Next, we compared the yields of three mutants with that of ORF93. We quadruplicated the experiment in which four protein productions from bacterial culture to protein purification were simultaneously carried out under the same conditions. For the comparison, the yield of wild-type ORF93 was set as 100%, and the relative yields of the other three proteins were calculated. Comparing the yield of ORF93-Δ15 with those of the other three proteins, ORF93-Δ15 had ca. 2.3, 2.0, and 1.7 times higher yields than ORF93, ORF93-Δ05, and ORF93-Δ10, respectively (P < 0.05; Fig 2B). Moreover, we separately triplicated the experiments to calculate the yield in one liter bacterial culture in this culture setting for ORF93 and ORF93-Δ15. ORF93 and ORF93-Δ15 were produced at 1.2 ± 0.2 and 2.6 ± 0.3 mg/L (n = 3), respectively. Considering these results, the optimal linker length of ORF93 was considered to not only improve the purity but also enhance the yield in E. coli overexpression system.

Antimicrobial spectrum and bacteriolytic activity

The antimicrobial spectra of ORF93 and three deletion mutants were examined by a double-layered agar plate assay.
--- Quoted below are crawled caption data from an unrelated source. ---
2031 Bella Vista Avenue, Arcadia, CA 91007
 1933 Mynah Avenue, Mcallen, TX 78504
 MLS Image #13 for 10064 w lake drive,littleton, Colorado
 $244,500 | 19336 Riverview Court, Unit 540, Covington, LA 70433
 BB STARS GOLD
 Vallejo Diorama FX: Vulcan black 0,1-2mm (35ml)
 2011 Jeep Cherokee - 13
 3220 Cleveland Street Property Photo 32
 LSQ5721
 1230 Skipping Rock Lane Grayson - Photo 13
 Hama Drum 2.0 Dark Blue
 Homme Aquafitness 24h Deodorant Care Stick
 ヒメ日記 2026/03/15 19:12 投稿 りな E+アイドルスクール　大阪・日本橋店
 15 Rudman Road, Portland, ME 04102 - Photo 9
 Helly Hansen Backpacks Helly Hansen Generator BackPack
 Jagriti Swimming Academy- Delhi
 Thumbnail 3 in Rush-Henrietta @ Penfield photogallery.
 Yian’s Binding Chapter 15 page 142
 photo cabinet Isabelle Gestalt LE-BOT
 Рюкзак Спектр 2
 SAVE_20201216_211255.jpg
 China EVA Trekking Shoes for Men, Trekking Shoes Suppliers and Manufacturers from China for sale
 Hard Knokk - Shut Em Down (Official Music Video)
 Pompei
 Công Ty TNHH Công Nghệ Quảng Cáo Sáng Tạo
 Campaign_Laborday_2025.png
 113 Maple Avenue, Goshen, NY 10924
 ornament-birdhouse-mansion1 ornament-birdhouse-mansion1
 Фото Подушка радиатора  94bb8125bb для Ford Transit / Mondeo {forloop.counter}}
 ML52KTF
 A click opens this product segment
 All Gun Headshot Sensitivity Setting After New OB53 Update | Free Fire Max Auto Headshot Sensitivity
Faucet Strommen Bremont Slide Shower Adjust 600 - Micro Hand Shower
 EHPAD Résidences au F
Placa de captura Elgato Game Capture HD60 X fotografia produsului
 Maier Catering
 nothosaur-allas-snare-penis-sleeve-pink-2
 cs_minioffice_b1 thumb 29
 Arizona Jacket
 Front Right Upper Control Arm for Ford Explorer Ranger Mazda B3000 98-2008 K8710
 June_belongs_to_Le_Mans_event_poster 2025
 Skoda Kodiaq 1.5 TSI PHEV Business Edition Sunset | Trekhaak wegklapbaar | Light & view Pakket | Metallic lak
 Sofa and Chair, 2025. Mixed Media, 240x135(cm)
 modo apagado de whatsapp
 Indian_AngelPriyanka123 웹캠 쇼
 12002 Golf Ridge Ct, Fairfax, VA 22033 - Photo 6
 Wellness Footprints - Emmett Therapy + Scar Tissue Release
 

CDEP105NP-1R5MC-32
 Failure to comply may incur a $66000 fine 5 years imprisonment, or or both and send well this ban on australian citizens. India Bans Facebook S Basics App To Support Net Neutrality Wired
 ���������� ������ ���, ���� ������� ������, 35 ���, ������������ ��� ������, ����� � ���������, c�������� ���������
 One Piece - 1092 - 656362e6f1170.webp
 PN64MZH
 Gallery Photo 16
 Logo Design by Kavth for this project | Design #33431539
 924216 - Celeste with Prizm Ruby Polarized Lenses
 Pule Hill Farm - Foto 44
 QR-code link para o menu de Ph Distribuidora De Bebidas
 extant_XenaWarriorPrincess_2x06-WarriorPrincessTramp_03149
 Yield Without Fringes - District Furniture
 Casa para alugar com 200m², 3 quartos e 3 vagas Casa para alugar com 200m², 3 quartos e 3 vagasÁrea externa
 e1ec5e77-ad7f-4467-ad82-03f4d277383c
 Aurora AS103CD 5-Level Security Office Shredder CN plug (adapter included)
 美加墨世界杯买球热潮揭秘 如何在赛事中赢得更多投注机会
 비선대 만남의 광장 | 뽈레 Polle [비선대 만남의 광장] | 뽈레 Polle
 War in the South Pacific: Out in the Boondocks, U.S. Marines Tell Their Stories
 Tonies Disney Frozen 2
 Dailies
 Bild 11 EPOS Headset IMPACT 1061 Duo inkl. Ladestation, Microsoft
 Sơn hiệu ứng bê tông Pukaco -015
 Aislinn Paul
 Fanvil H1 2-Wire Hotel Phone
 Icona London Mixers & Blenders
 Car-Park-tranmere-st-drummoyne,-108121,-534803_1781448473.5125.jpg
In the assay, the endolysin solutions (3 μL of 0.1 mg/mL) were applied on the surface of double-layered culture media containing bacteria, and the transparency of the spot formed on the agar plate was examined after incubation. In this assay, we tested 11 bacteria, including nine strains of Staphylococcus spp., one strain of Bacillus subtilis, and one strain of E. coli. We also semiquantitatively estimated the strength of antimicrobial activity by observing the degree of transparency of the spot formed on the agar plate at a 4-level scale (i.e., strong, moderate, weak, and no activity; S4 Fig). First, observing the sensitivity to ORF93 and the three mutants to the tested bacteria, all the tested proteins showed the transparency of spots against all nine strains of Staphylococcus spp.; these proteins did not form a transparency of spot on B. subtilis and E. coli strains (Table 1). Thus, the antimicrobial spectra of ORF93 and the three mutants were not different from each other. Of note, ORF93-Δ10 and ORF93-Δ15 showed stronger transparency of spots than ORF93 and ORF93-Δ05, suggesting that they have high antimicrobial activity.

Table 1. Examination of transparency of spot formed by ORF93 and its mutants against various bacteria using a double-layered agar plate assay.

Tested bacteria		ORF93	ORF93-Δ05	ORF93-Δ10	ORF93-Δ15
Species	Strains
S. aureus	SA27	+	+	++	++
S. schleiferi	D91	+	+	++	++
S. felis	C3	+	+	++	++
S. sciuri	D108	+	+	++	++
S. arlettae	D119	+	+	++	++
S. pettenkoferi	C58	+	+	+	++
S. kloosii	D187	+	+	+	+
S. pseudintermedius	D19	±	±	+	+
S. epidermidis	GTC289	±	±	±	+
B. subtilis	168	-	-	-	-
E. coli	JM109	-	-	-	-

The degree of transparency of the spot was examined at a 4-level scale. The levels of transparency on the spot are ranked at “strong,” “moderate,” and “weak” as “++”, “+”, and “±“, respectively; no transparency of spot is shown as “-”.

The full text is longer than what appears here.